-- Available data follows --

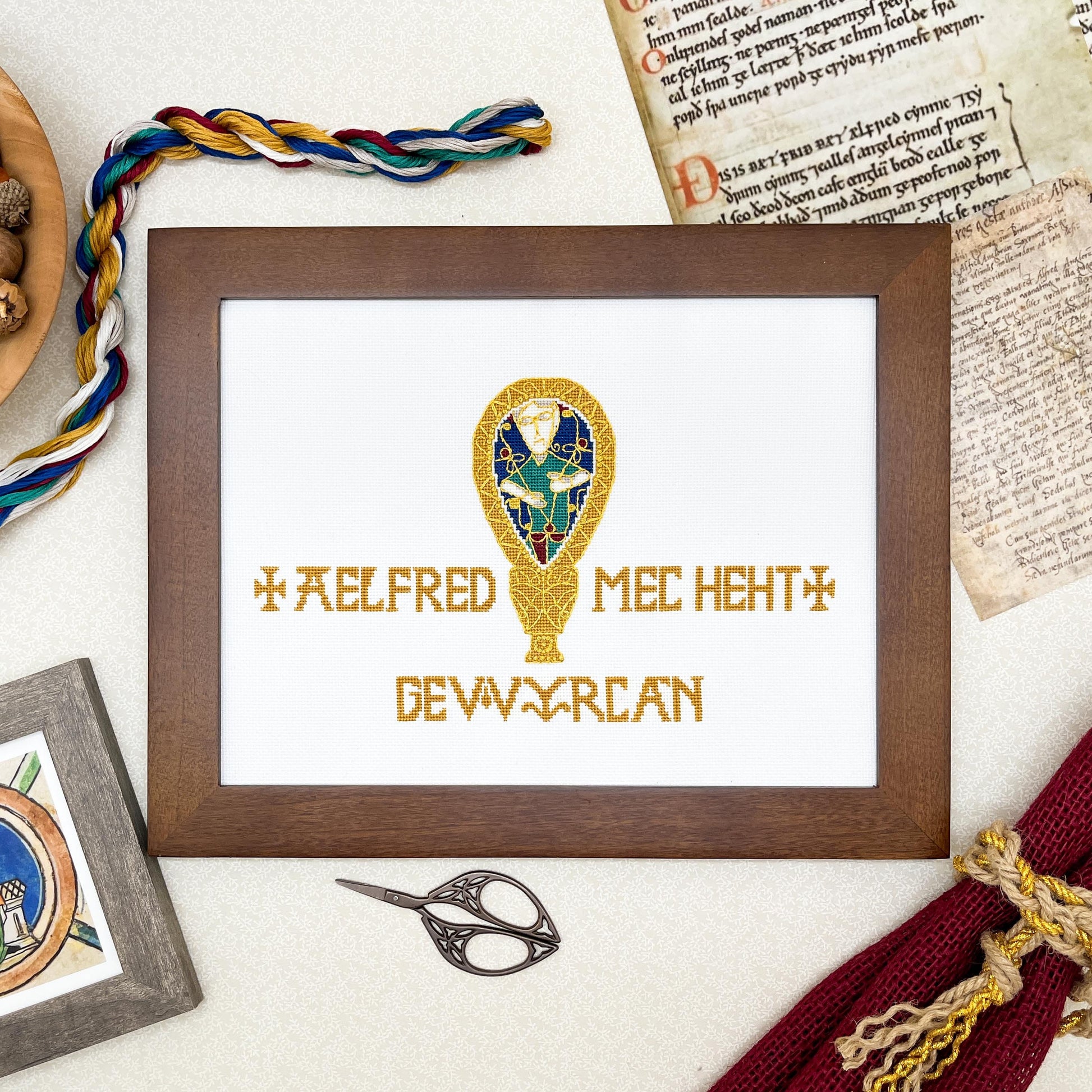 Alfred Jewel Cross Stitch Pattern | PDF Instant Download | Unique Gift for Lovers of Medieval Art History, Archeology, and Anglo-Saxon Kings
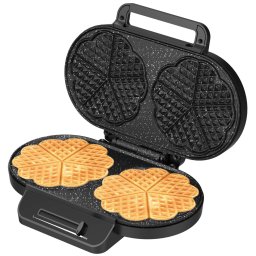 Aparat de facut vafe STARCREST WM-2602X, 1200W, Suprafata dubla, Buton reglare temperatura, Placi cu invelis ceramic, Negru Inox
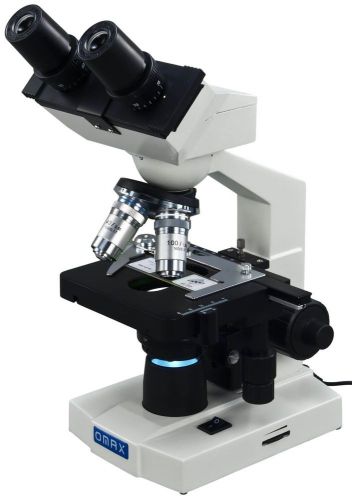 Omax 40x-2000x led binocular compound microscope with double layer mech stage for sale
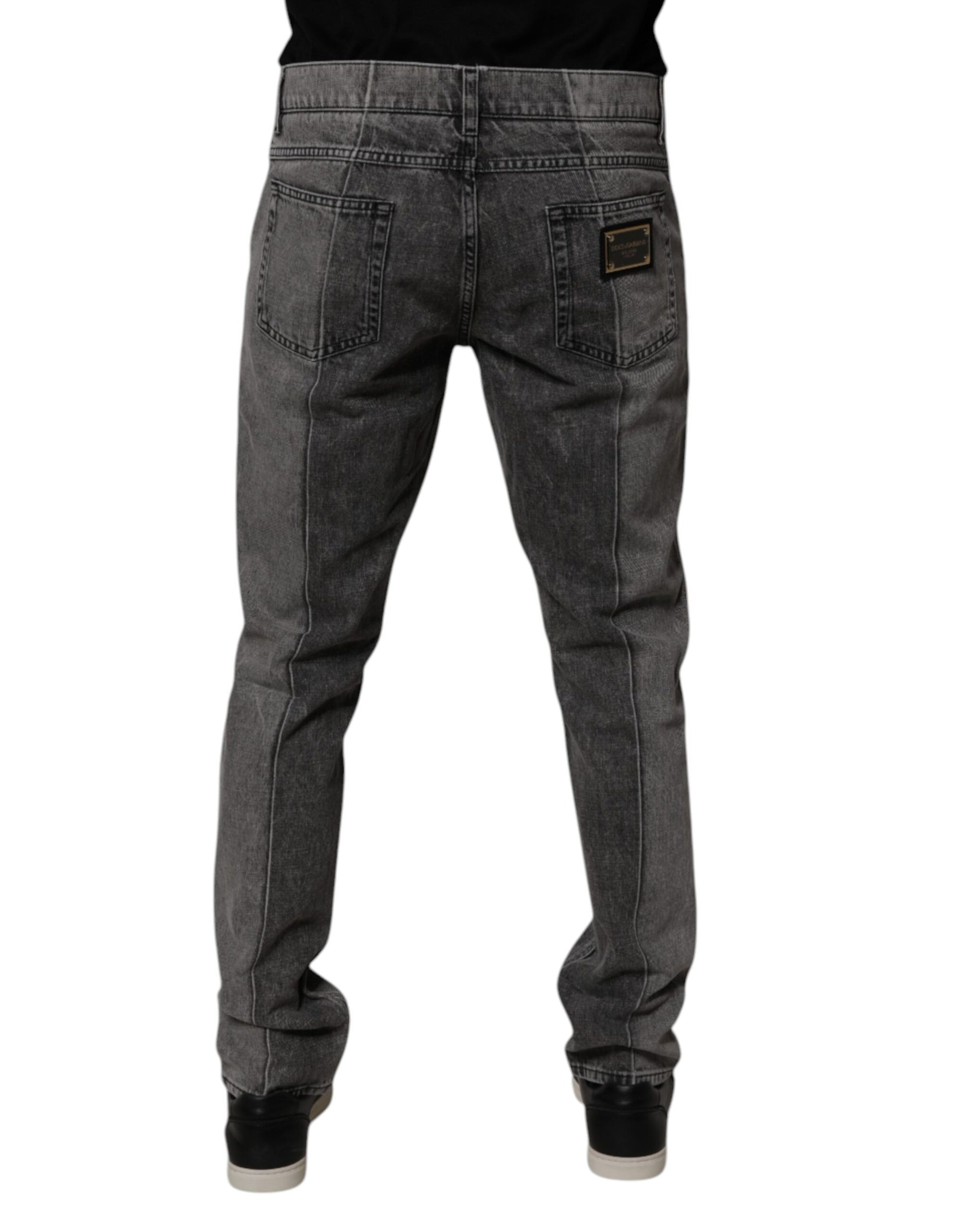 Dolce & Gabbana Two Tone Gray Cotton Denim Jeans Dolce & Gabbana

-- Available data concluded --

Give back the data exactly. Pictures stay out.

 Alfred Jewel Cross Stitch Pattern | PDF Instant Download | Unique Gift for Lovers of Medieval Art History, Archeology, and Anglo-Saxon Kings
 Aparat de facut vafe STARCREST WM-2602X, 1200W, Suprafata dubla, Buton reglare temperatura, Placi cu invelis ceramic, Negru Inox
 Omax 40x-2000x led binocular compound microscope with double layer mech stage for sale
 Dolce & Gabbana Two Tone Gray Cotton Denim Jeans Dolce & Gabbana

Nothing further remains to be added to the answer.